Probar callado cuanto concho de vino o pilsen que quedara en alguna copa sobre cualquier mesa de mi infancia, era mi manera torpe y pendeja de querer ser parte de las risotadas de mi viejo y su compadre, era una secreta mimesis para querer alcanzarlos en sus verdades de grande. Esos hábitos fueron los que armaron mi propia construcción de familia: la mesa abundante, tíos casados con tías que eran responsables de mis primos y primas, conversaciones llenas de mensajes como “Pinochet de mierda”, “tócate Samba Landó”, “préstame diez lucas”, “pásame el fuego”, en fin.

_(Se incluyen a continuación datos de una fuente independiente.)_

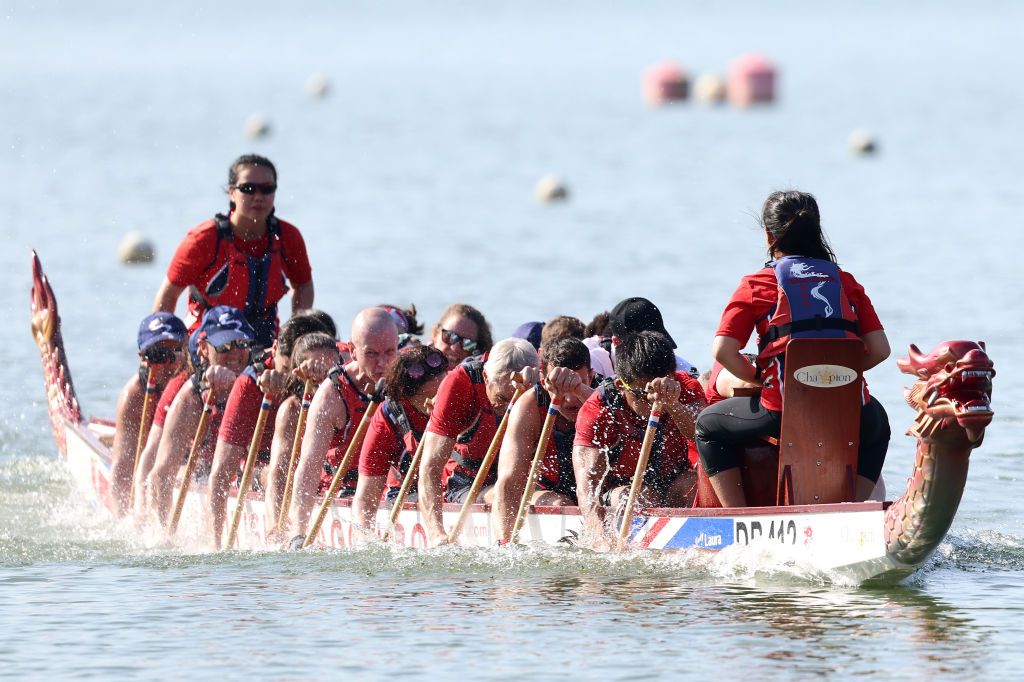 SINGAPORE, SINGAPORE - NOVEMBER 06: Prince William, Prince of Wales joins members of the British Dragons for dragon boating on the Kallang River on day two of his visit to Singapore on November 06, 2023 in Singapore. The Prince of Wales is visiting Singapore to attend the Earthshot Prize Awards and will also carry out several engagements related to environmental issues. (Photo by Chris Jackson/Getty Images)
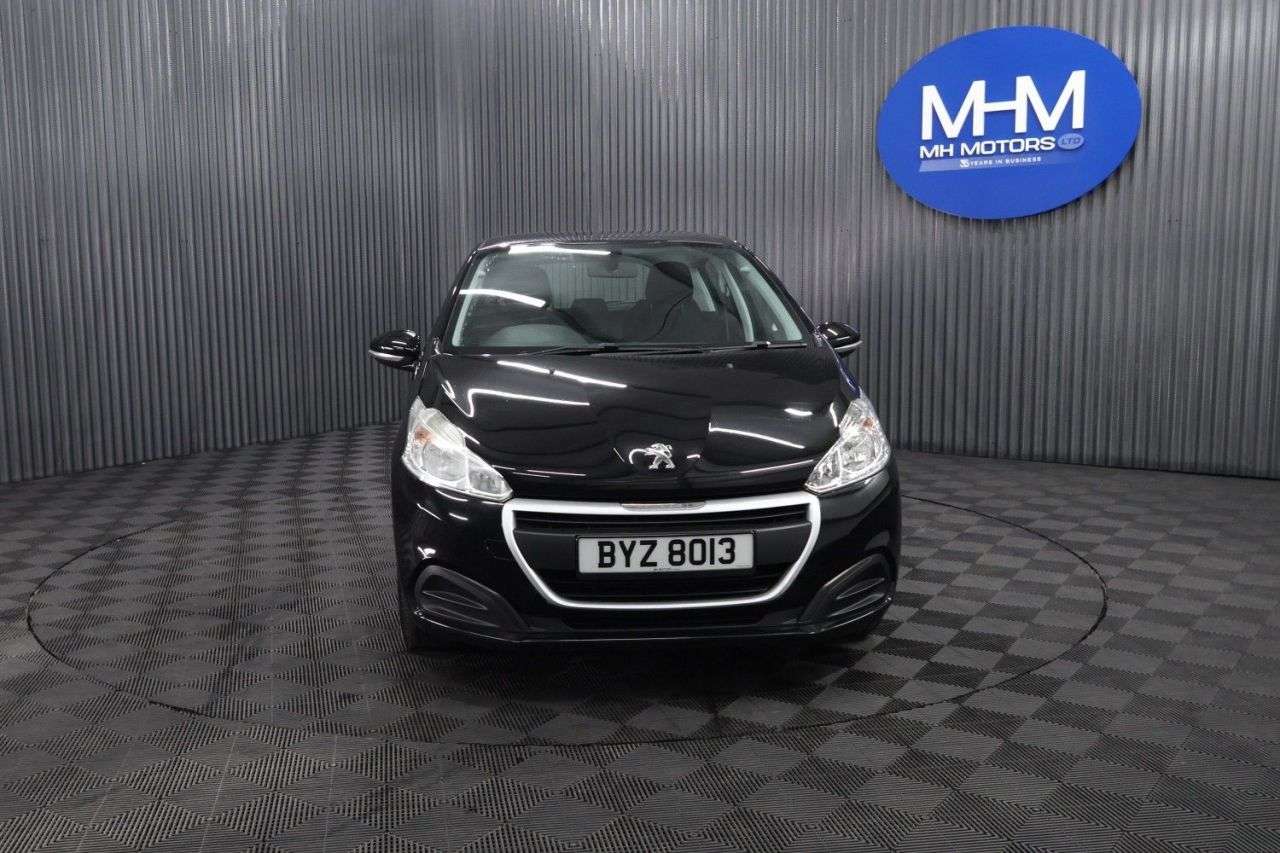 A 2017 PEUGEOT 208 1.6HDI Access LONG MOT / EASY TO DRIVE AND PARK A 2017 PEUGEOT 208 1.6HDI Access LONG MOT / EASY TO DRIVE AND PARK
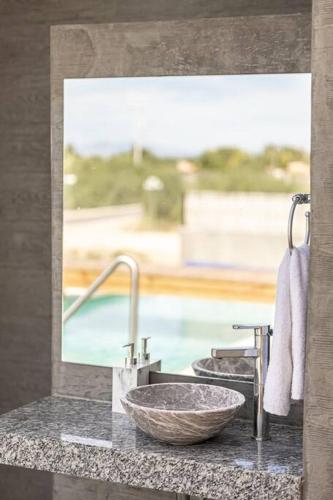 Baja Winds Condo poolside in La Ventana, Mexico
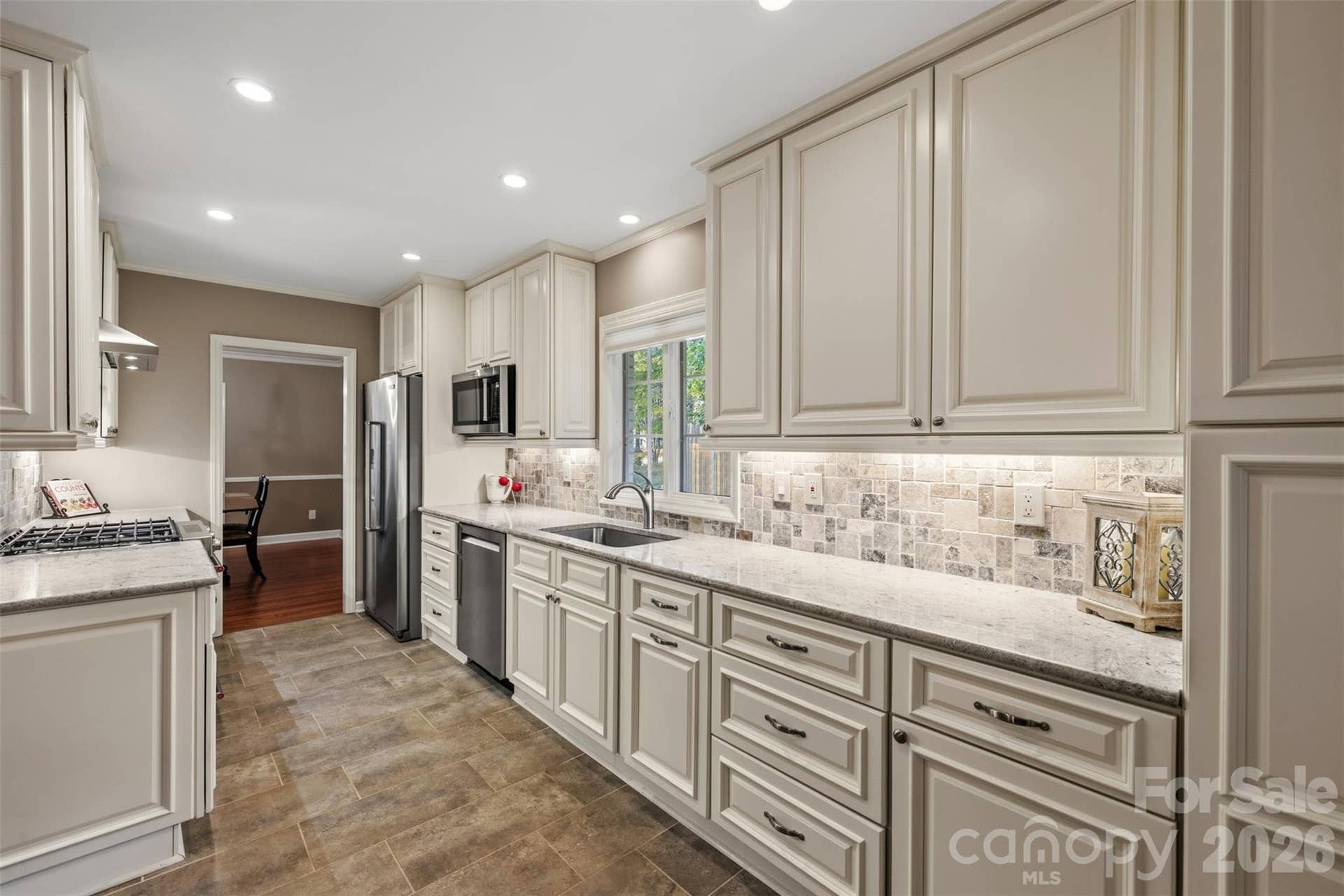 1009 Bearmore Drive, Charlotte, NC 28211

No me imagino otra forma de haberme construido: siempre pasado a humo, viviendo muchos veranos con mis viejos más conversadores, más relajados.

Desapareciendo a Nicolás

Esta semana ha sido tema este asunto de la aparición de un cuento infantil, en donde los personajes son una familia en que hay dos papás y un hijo llamado Nicolás. La tirria, la resistencia a este ejercicio literario y político, han sido una foto ruidosa que agita al proyecto. La religión, el machismo, las viejas construcciones culturales enquistadas en muchos de nosotr@s, son el soporte para tratar de silenciar la experiencia abierta, verdadera, de que se puede articular una forma de familia diferente a la que nos fue legada y juzgar esta forma de amar, instalándose en el resguardo de la tradición, me parece un acto tan injusto como cabrón.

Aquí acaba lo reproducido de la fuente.